Your Note Should Look Like This:

<HTML>
<HEAD><TITLE>
A Title</TITLE></HEAD>
<BODY>
Insert Body Here
</BODY>
</HTML>

Server Side Includes

Also supported by Personal Data Sharing is a series of variables that you can access from either your text notes or, even better, your raw HTML documents. On other platforms, these are called Server Side Includes, so that's what we'll call them here.

A Table of all SSI supported in Version 1.5 of Personal Data Sharing is available here.

How do I USE These Things?

Simple. Say you want to include the access counter in a sentence. You'd write something like this in your Notepad:

So far, <COUNTER> chunks o' knowledge have been spewed into the ether by this server.

And you'd get:

So far, 296 chunks o' knowledge have been spewed into the ether by this server.

Or, say you always want the title of your HTML document to reflect the name it has in the title bar of its Notepad entry. In you header, you'd write:

<HTML><HEAD><TITLE><NOTE_TITLE></TITLE></HEAD>

And even if you changed the name of the note to Zaphod_Beeblebrox, the title returned by your HTML will reflect that.

Nifty, huh?

Special Characters:

Unless you're lucky enough to use only the 0-127 ASCII code in your alphabet, you need to be able to display "International Characters" (such as: ü, ø, å, ß)

One solution to this is to go through your notes and subsitute in the &#000 HTML code for each character and we tried to have PDS do that that but it's VERY annoying. (Slow, inaccurate, and generally stupid.)

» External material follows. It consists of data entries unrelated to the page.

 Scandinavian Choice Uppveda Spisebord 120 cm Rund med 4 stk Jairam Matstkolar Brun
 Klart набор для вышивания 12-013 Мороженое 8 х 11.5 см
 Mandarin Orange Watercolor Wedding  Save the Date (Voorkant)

So, we developed a compromise: Unlike 90% of the world's HTTP servers, we have chosen to follow the RFC 2068 standard for HTTP 1.1 Servers and provide a way for the browsers to interpret these characters AS TYPED by setting what's called the charset token in the server's message headers. We also include the same data in a <META> tag in the HEADER of any generated HTML pages. This helps the browser decide what encoding to use when viewing your page.

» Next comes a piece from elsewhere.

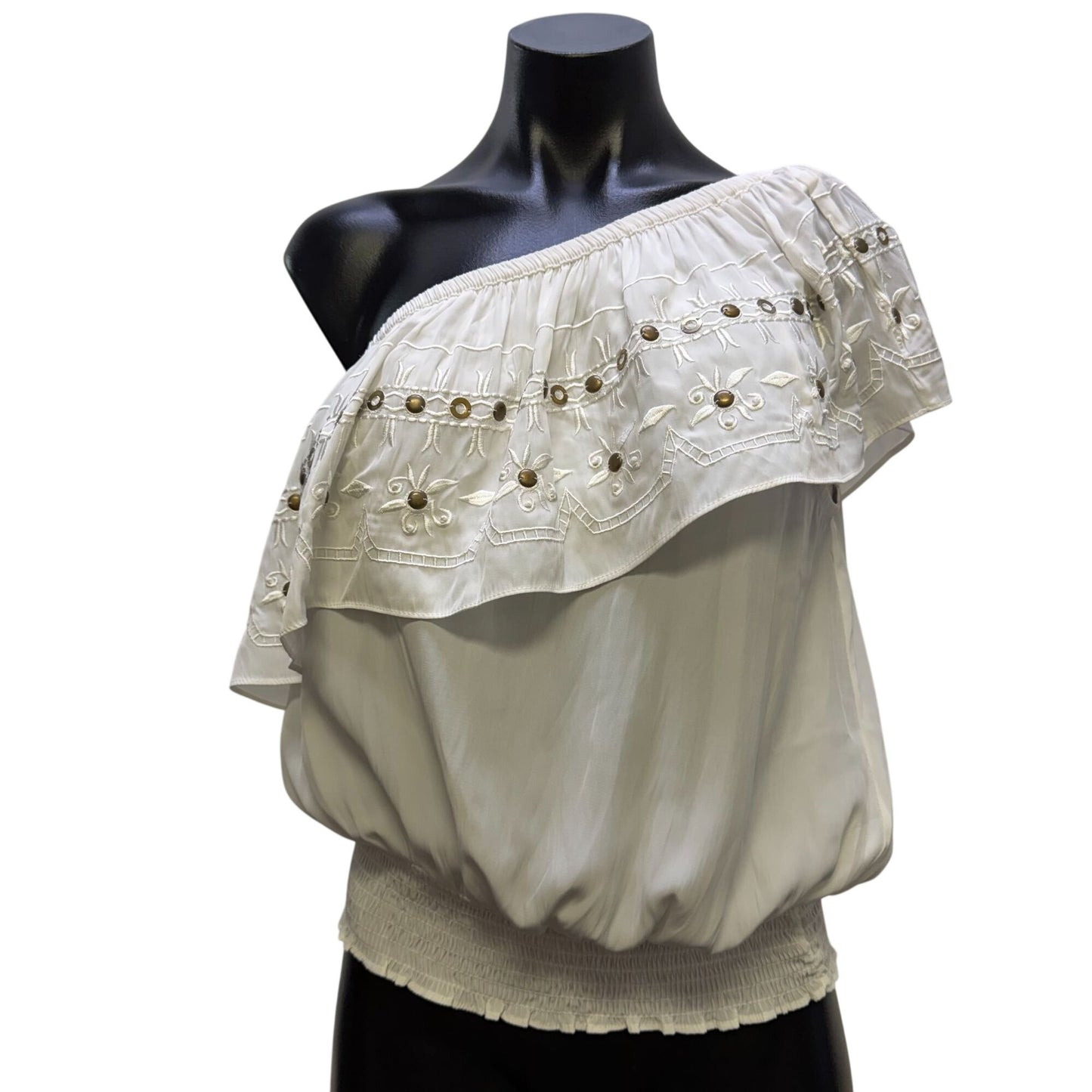 Ramy Brook White One-Shoulder Embroidered Blouse L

Here's a Sample Header From nHTTPd to Illustrate:

HTTP/1.0 200 OK
Server: nHTTPd/1.5
Content-type: text/html;
charset=ISO-8859-1
Content-length: 1024

In nHTTPd Setup, you can select from any of these MIME charsets or None to turn off this option entirely.
Depending on demand, I may add other encodings.

charset Selections:
ISO-8859-1: The WWW Standard
ISO-88259-2: Better for European Characters
X-MAC-ROMAN: The Standard MacOS Set
US-ASCII: The 0-127 Character Set
None: No charset token is presented

When I first introduced this feature with Notepad Server 1.2, I suggested that you add by hand into your raw HTML the <META> tag containing the charset token. That is no longer required as this data is provided in the server's message header.